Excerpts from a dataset
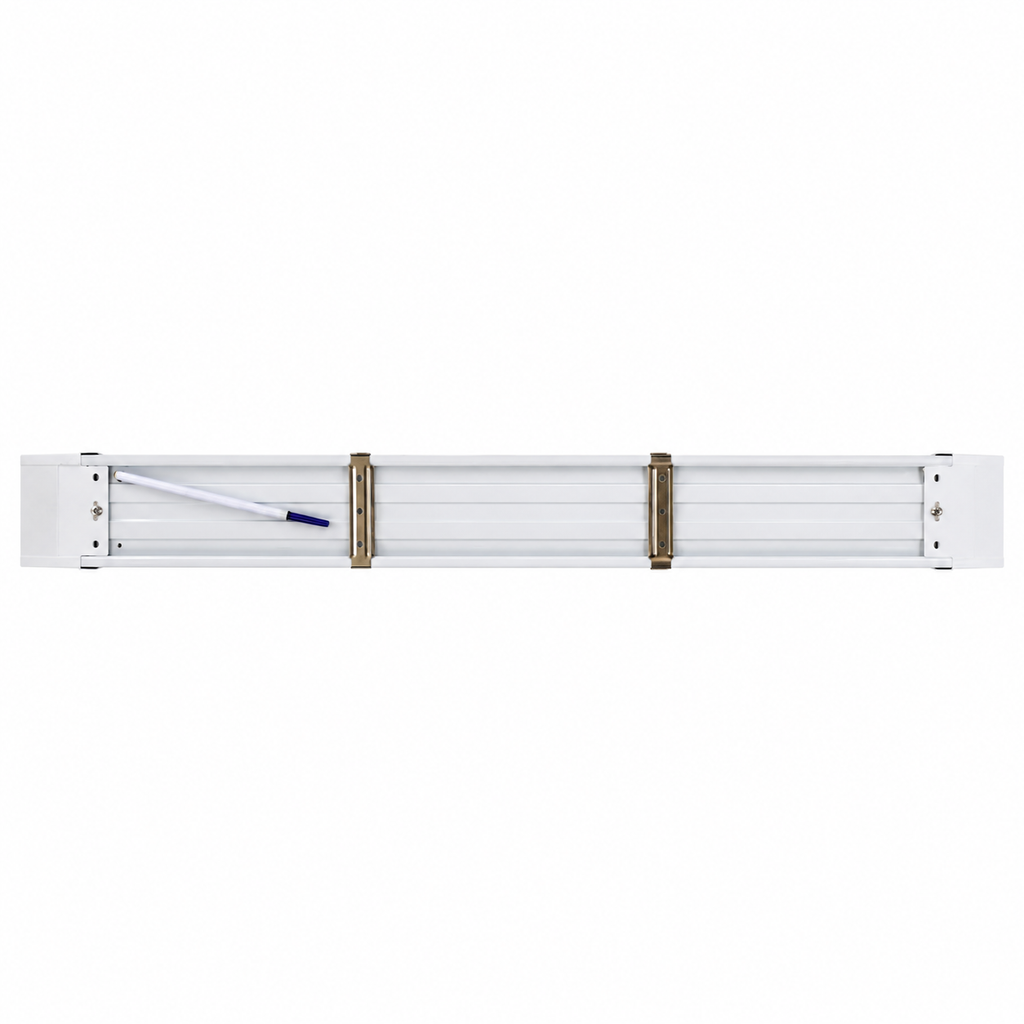 Tubo LED Estanco Canoa Plana Regleta Slim 60cm 18W Fría Prismático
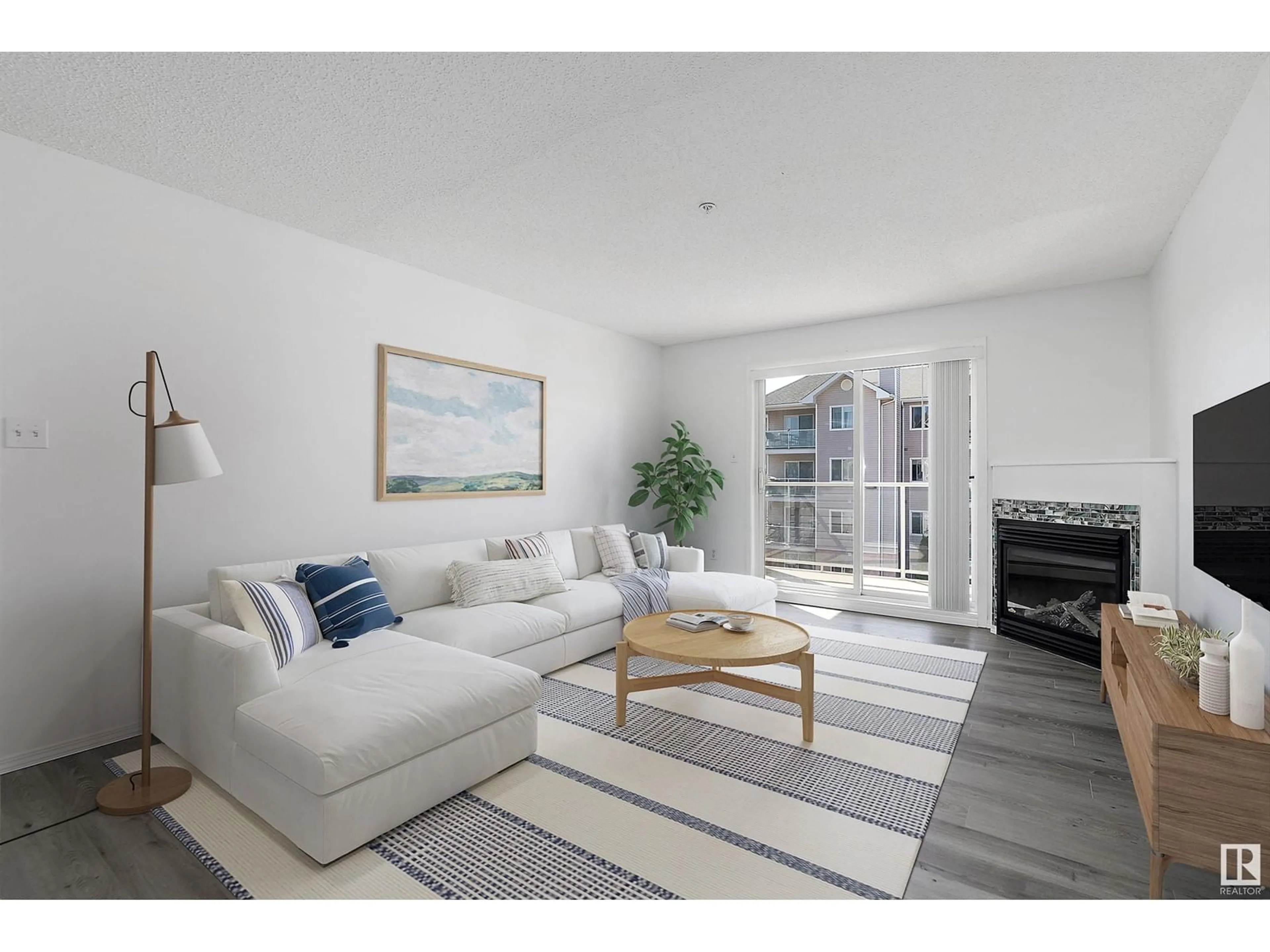 Living room with furniture, unknown for 301 - 5102 49 AV, Leduc Alberta T9E8H1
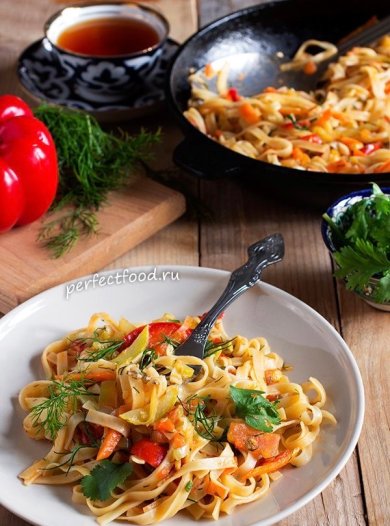 Лапша с овощами 🍝 - Шаг 1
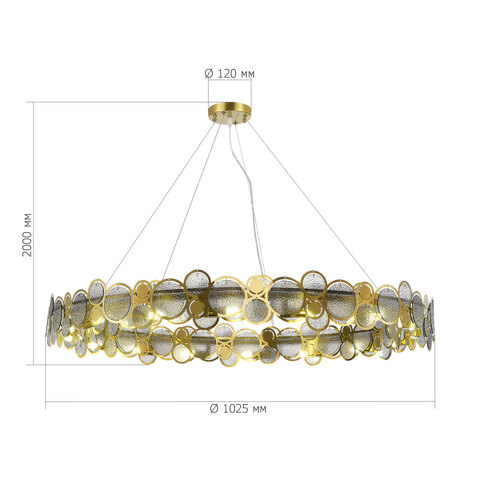 Светильник подвесной ST Luce Swatch SL6133.313.16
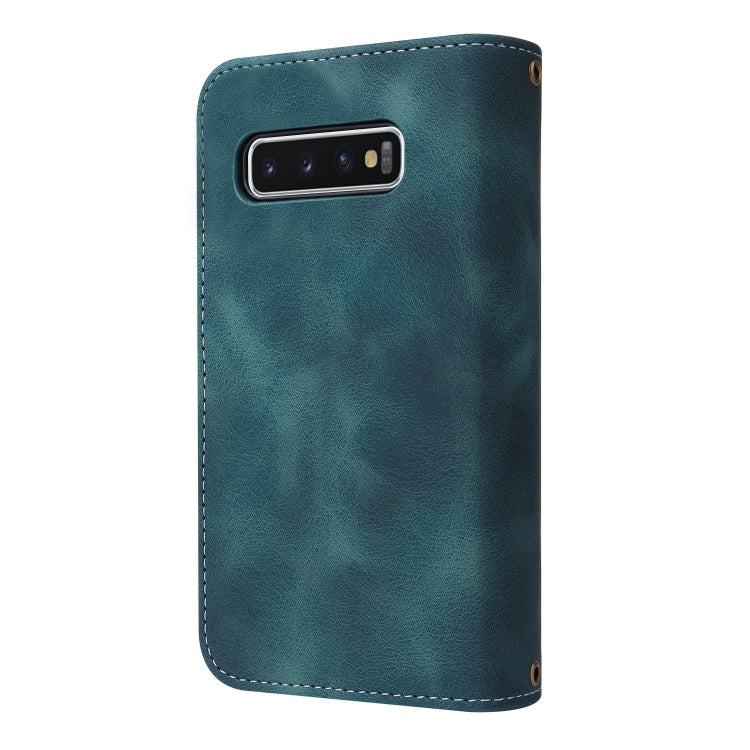 For Samsung Galaxy S10+ Multifunctional Card Slot Zipper Wallet Leather Phone Case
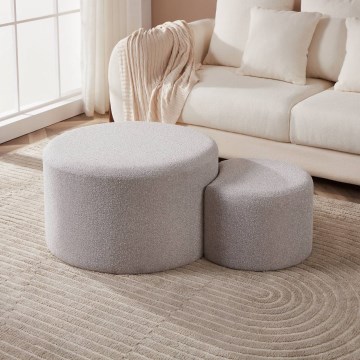 Eglo - LOT 2x Tabouret gris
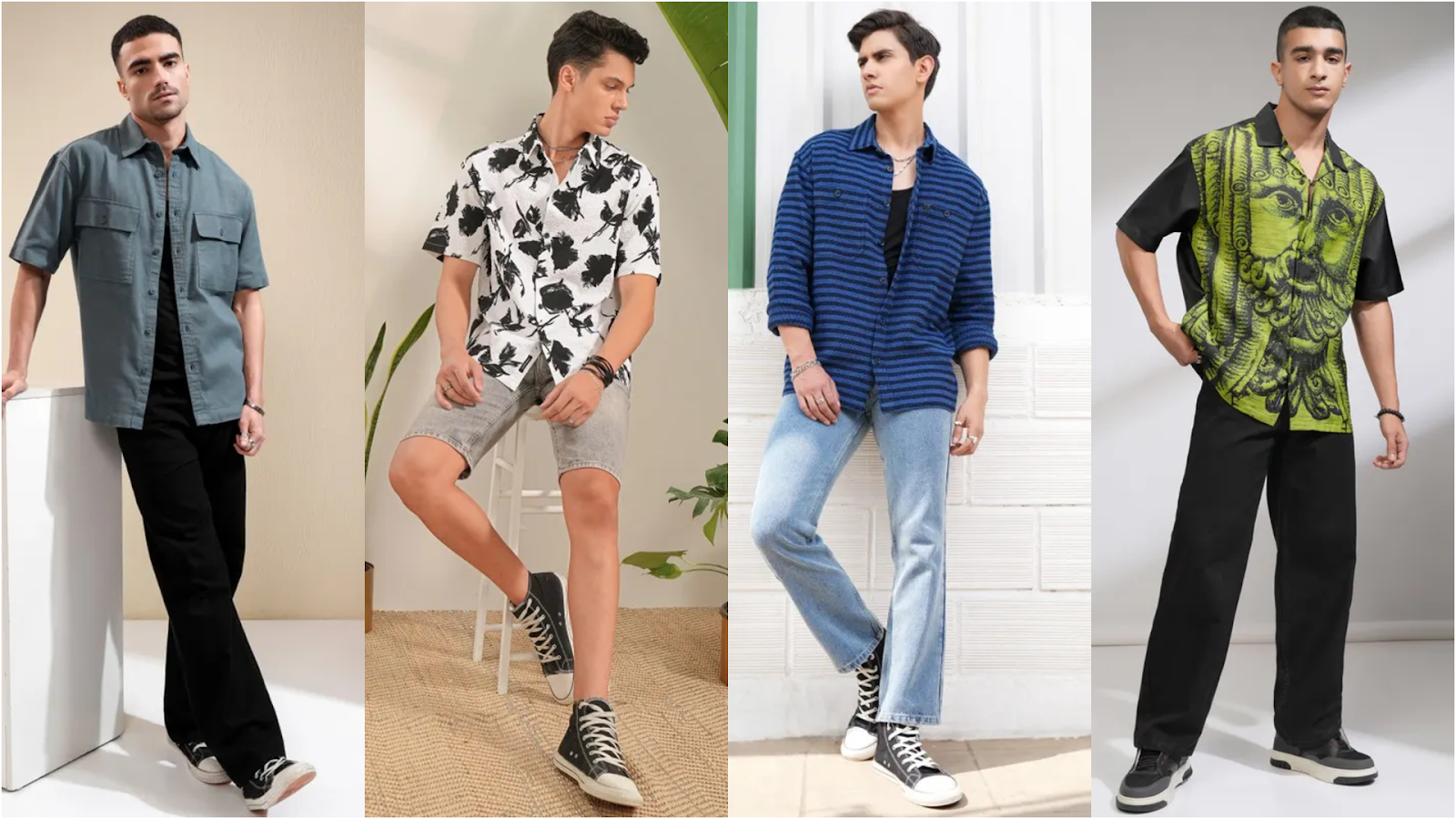 Oversized shirts for men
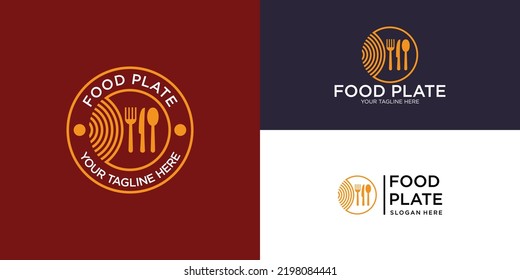 Food Group Logo Design Creative Modern Stock Vector (Royalty Free ...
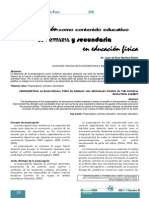 La Propiocepcion Como Contenido Educativo en Primaria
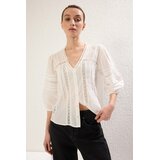 TRENDYOLMILLA ženska košulja Twoss25Go00030, bela | Eponuda.com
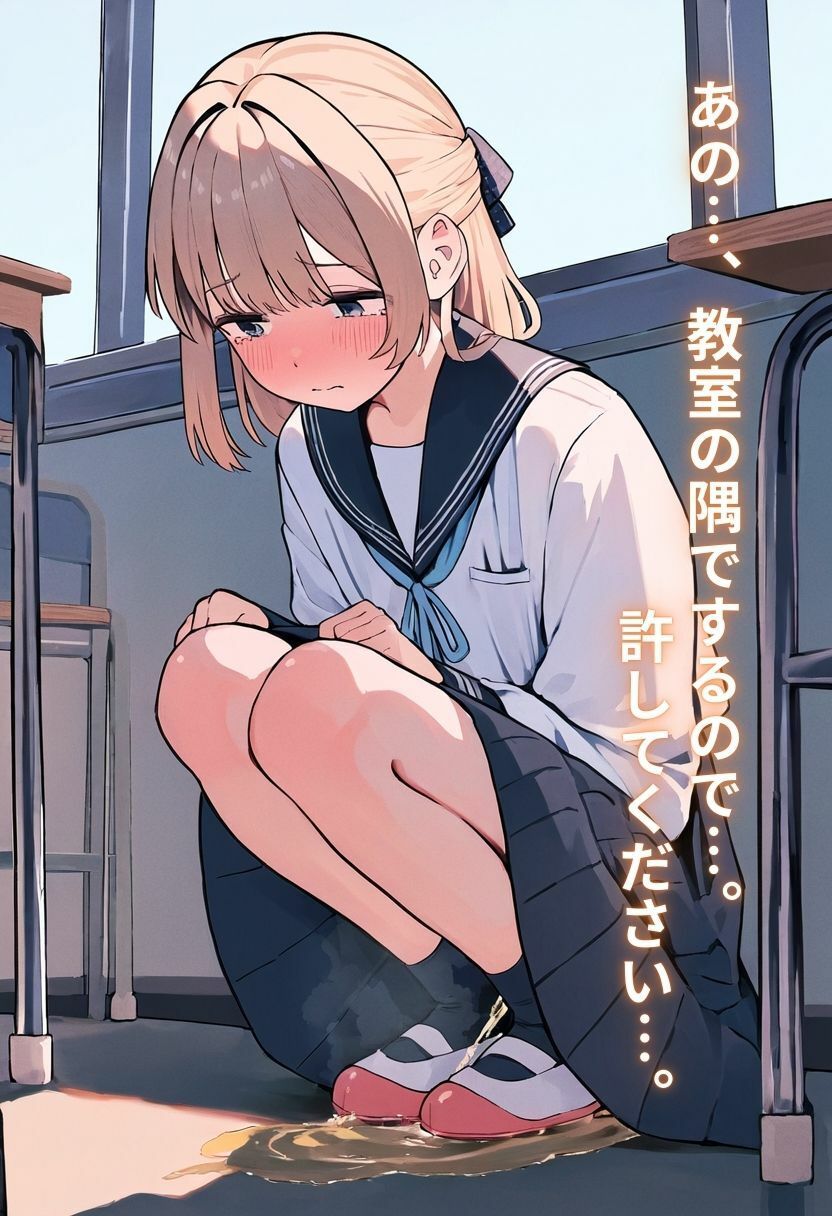 羞恥の美少女お漏らしデート！〜幼馴染、クラスメイト、アイドル、警察官にいっぱいお漏らしさせてみた〜 - サンプル画像 5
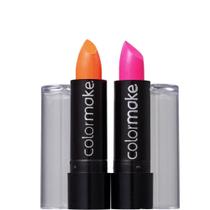 Batom Fluorescente Laranja e Pink - Color Make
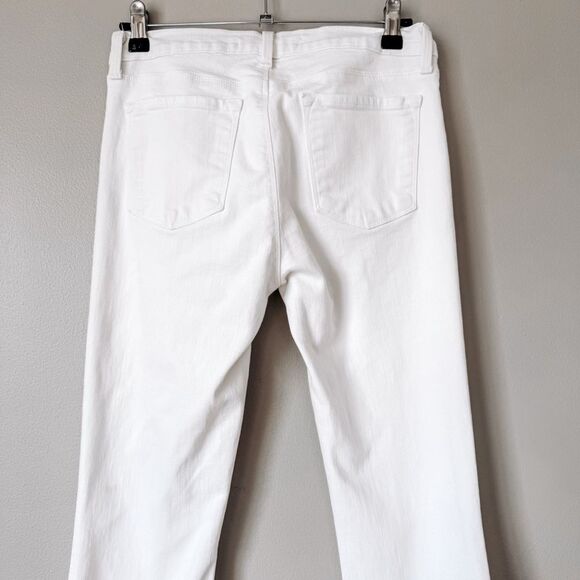 J Brand Mid Rise Flare White Jean Size 28 - Picture 5 of 10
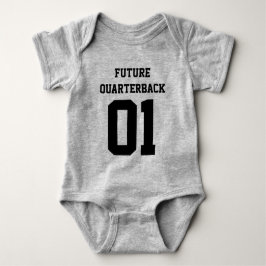 Personalizado Baby Boy Football Jersey Bodysuit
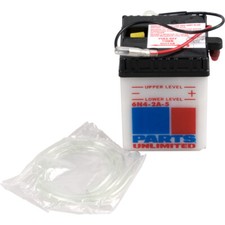 Parts Unlimited 6V Conventional Battery #6N4-...
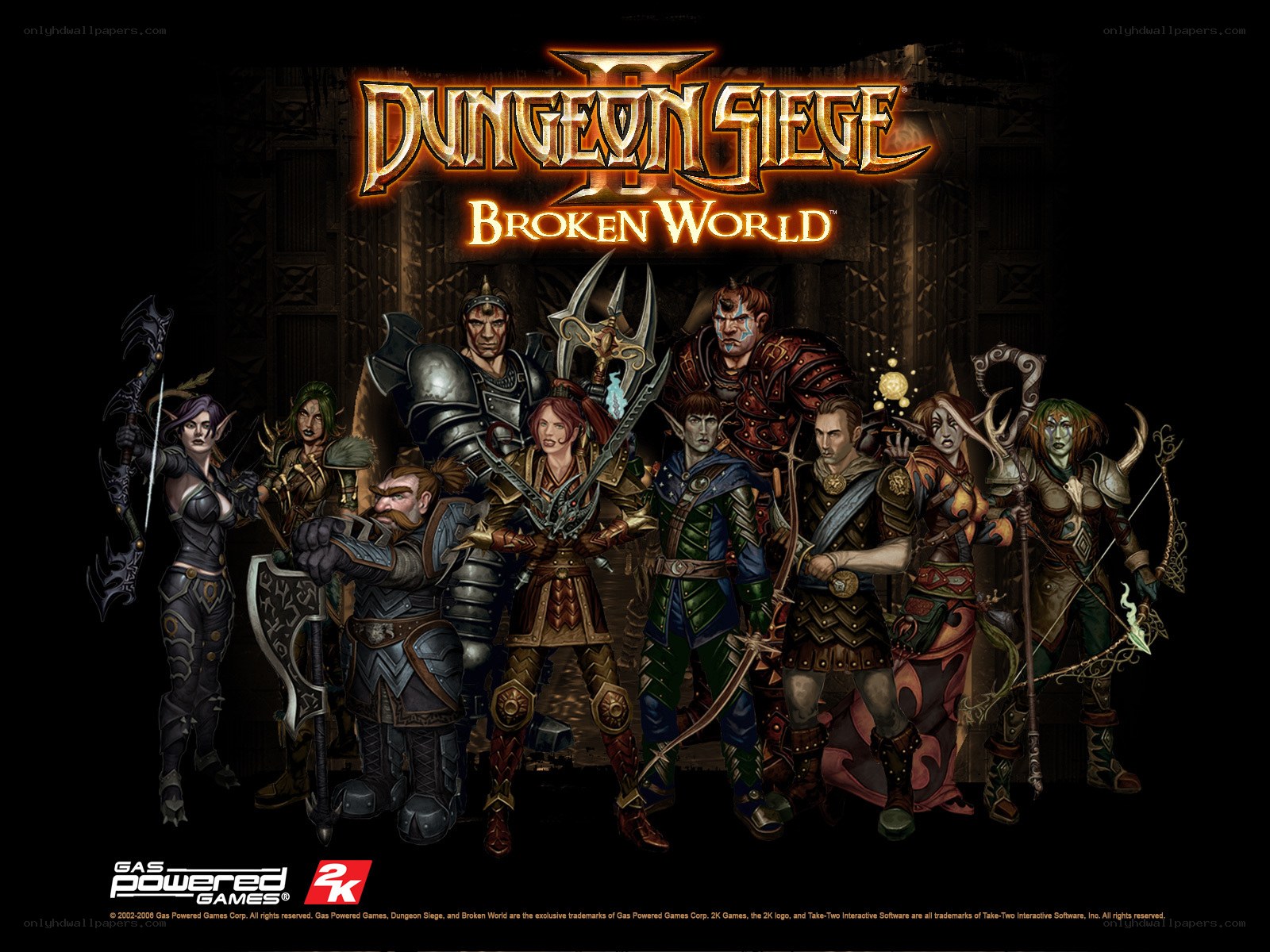 Dungeon Siege II: Broken World characters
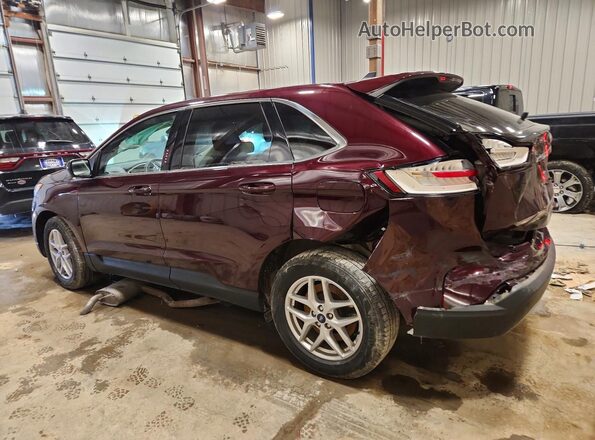 2FMPK4J93MBA14326 2021 FORD EDGE Maroon Задня ліва чверть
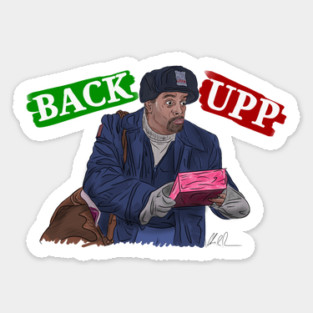 Jingle All The Way: Sinbad says BACK UP Sticker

(Task item) Leave out every picture, and write out exactly the lines from the one with "Parts Unlimited 6V" through the end of the records above, both ends included.

(Answer section)
 Parts Unlimited 6V Conventional Battery #6N4-...
 Dungeon Siege II: Broken World characters
 2FMPK4J93MBA14326 2021 FORD EDGE Maroon Задня ліва чверть
 Jingle All The Way: Sinbad says BACK UP Sticker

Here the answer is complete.